Northern and Shell, Daily Mail Group, News International, Telegraph Media Group, the Newspaper Society and the Professional Publishers Association said in a joint statement that the first they knew of the final draft of the Royal Charter was when it was published late yesterday afternoon.

In its leader, The Times noted a basic principle was at stake and that it has been lost.

“The role of a free press is to hold the Government to account.

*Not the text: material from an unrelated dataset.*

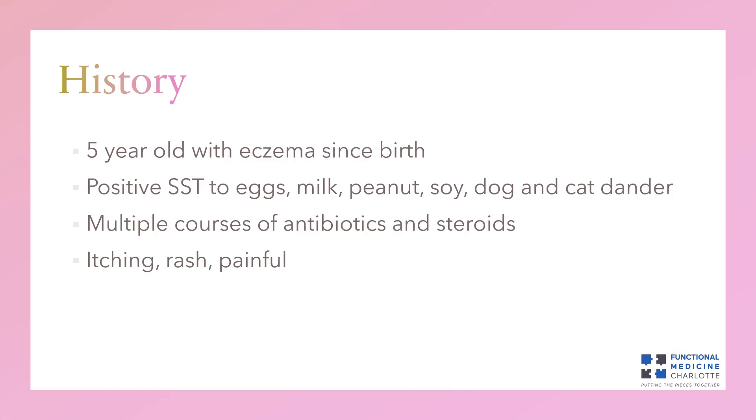If you've got an allergy to those things, it could manifest as hives, throat swelling, lip swelling, all the way to EpiPen-type reactions — or it could manifest as eczema and skin rashes. In this child, those allergens were likely contributing to the eczema. She also tested positive to dog and cat dander.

It should not work the other way round.”
 
Tim Jotischky, the deputy editor of the Daily Telegraph, tweeted: “We can never lecture a Mugabe or a Putin on freedom of expression again. Quite an achievement for Hacked Off et al."

Fraser Nelson, editor of the Spectator said he would risk a prison-term rather than pay any fine from an “underpinned regulator”.

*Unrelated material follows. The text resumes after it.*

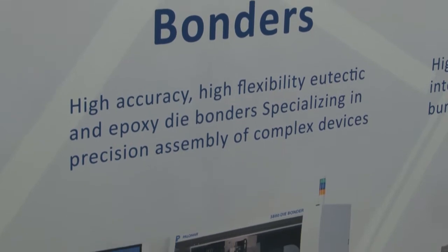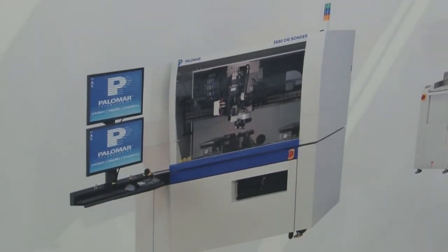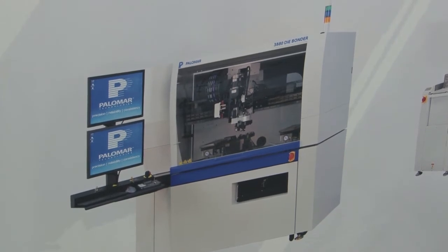So it's called the 3880-2 and there's lots of new hardware and software features based on the other legacy bonders. All that experience and knowledge over the years — we've just been refining it, tuning it, and making it better and better, and this Dash 2 is no exception.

“Whether I go to prison or not is up to the enemies of press freedom to decide,” he said.

The Daily Mail noted in its leader today that yesterday’s deal was reached “without the agreement of the newspaper industry, on whose cooperation it will depend  – and whose members, in the main, have profound reservations about significant aspects of it”.

It said that the legality of the exemplary damages regime was “highly questionable” because it meant that newspapers outside the regulator could be left with the costs of a court action “even if they are cleared of any wrongdoing”.

It said: “How can a system be described as ‘self regulation’ when it will deny newspapers any real say in the choice of their regulators or of the regulations to be imposed”.

It concluded: “Over the coming weeks, it will be for the newspaper and magazine industry to decide wheter it can cooperate with a system involving politicians, many of who will be here today and gone tomorrow, which overturns 300 years of press freedom.”

The Sun said it is “committed to tougher rules that safeguard the public” but added that “much remains to be studied before the Royal Charter can be accepted as the foundation stone of new regulation”.

But The Independent and The Guardian were more positive about the deal.

Independent editor Chris Blackhurst said: “This isn’t perfect but neither is it terrible.  I don’t see anything in it that will threaten the sort of journalism we produce at The Independent.’

The Guardian said: “The Levesonian mantra of ‘independent self-regulation’ is undoubtedly something of an oxymoron, but it is a slogan for reform that no one has bettered without disregarding either freedom of speech on the one hand, or – on the other – the privacy of blameless victims and the high corruption which long concealed their plight.

“Much of Fleet Street has ploughed on as if there were really nothing to balance, only one supreme freedom at stake here: its freedom to carry on as heretofore.”